**AIM OF THE EXERCISE:** The expected output is each line from the one containing "Casa Furniture Depot" to the last line of the data below, set down exactly, minus the pictures.

**DATA SHOWN:**
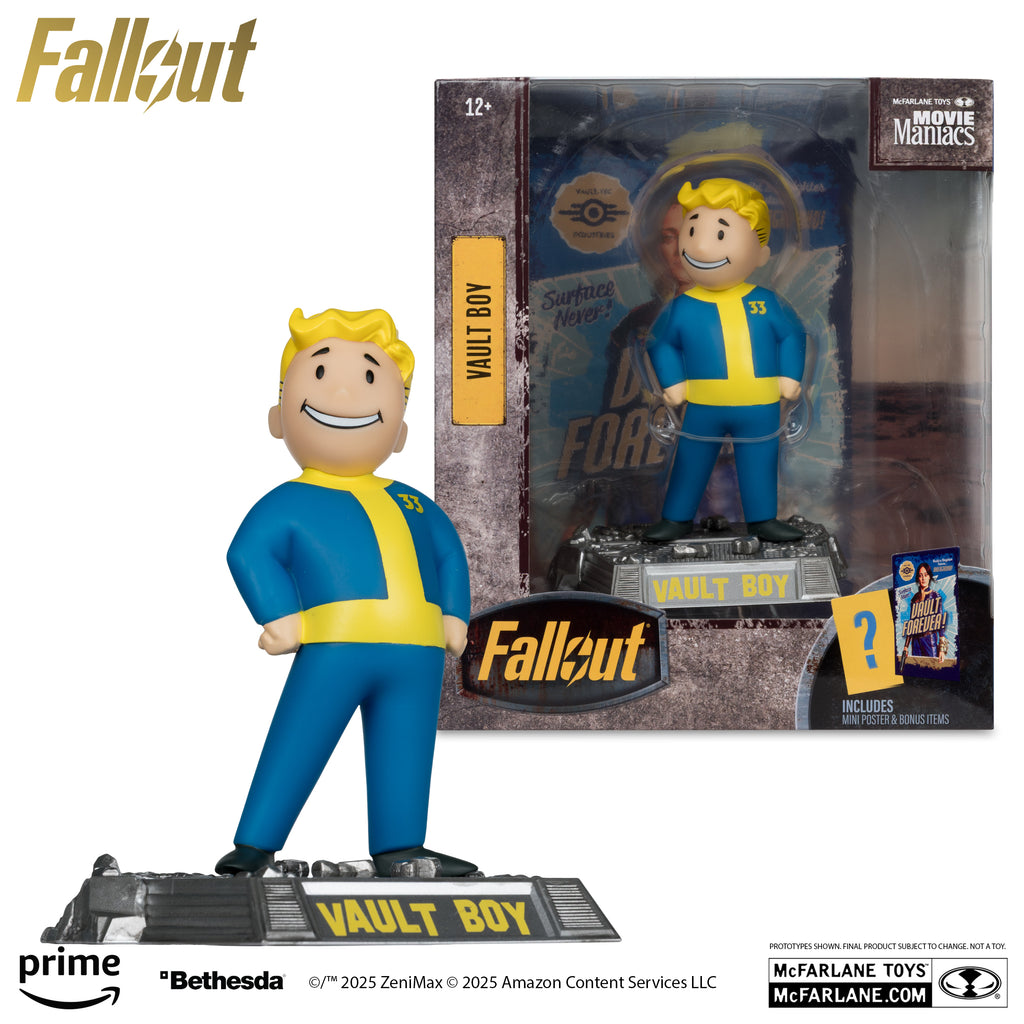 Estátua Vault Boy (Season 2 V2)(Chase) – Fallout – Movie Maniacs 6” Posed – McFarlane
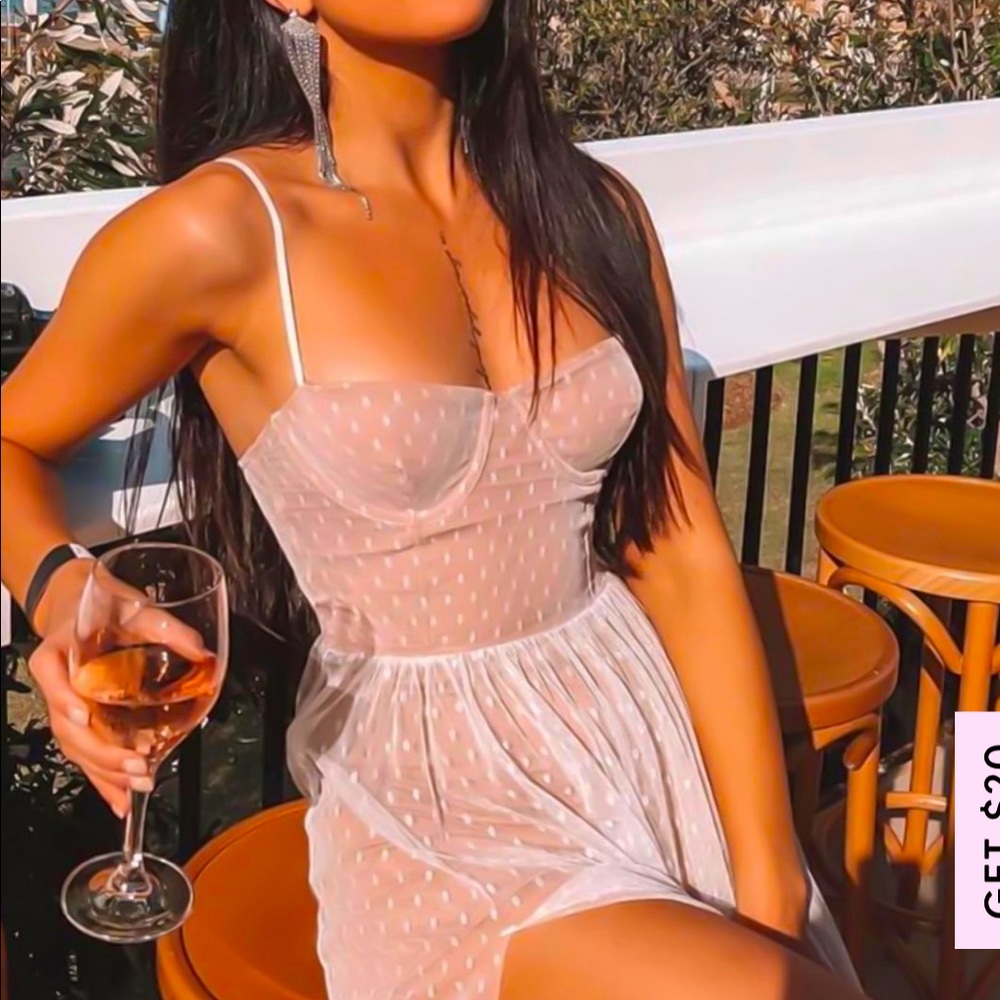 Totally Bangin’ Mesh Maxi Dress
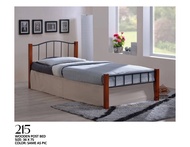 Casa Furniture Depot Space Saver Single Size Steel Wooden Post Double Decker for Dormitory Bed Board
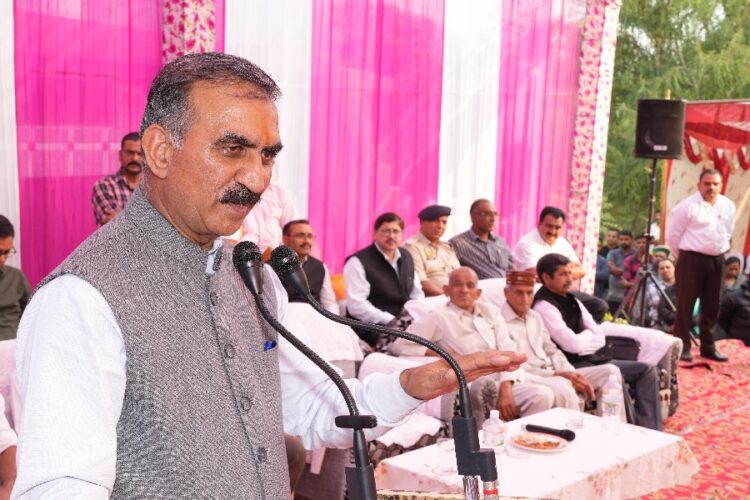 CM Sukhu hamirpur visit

**TASK OUTPUT:**
 Casa Furniture Depot Space Saver Single Size Steel Wooden Post Double Decker for Dormitory Bed Board
 CM Sukhu hamirpur visit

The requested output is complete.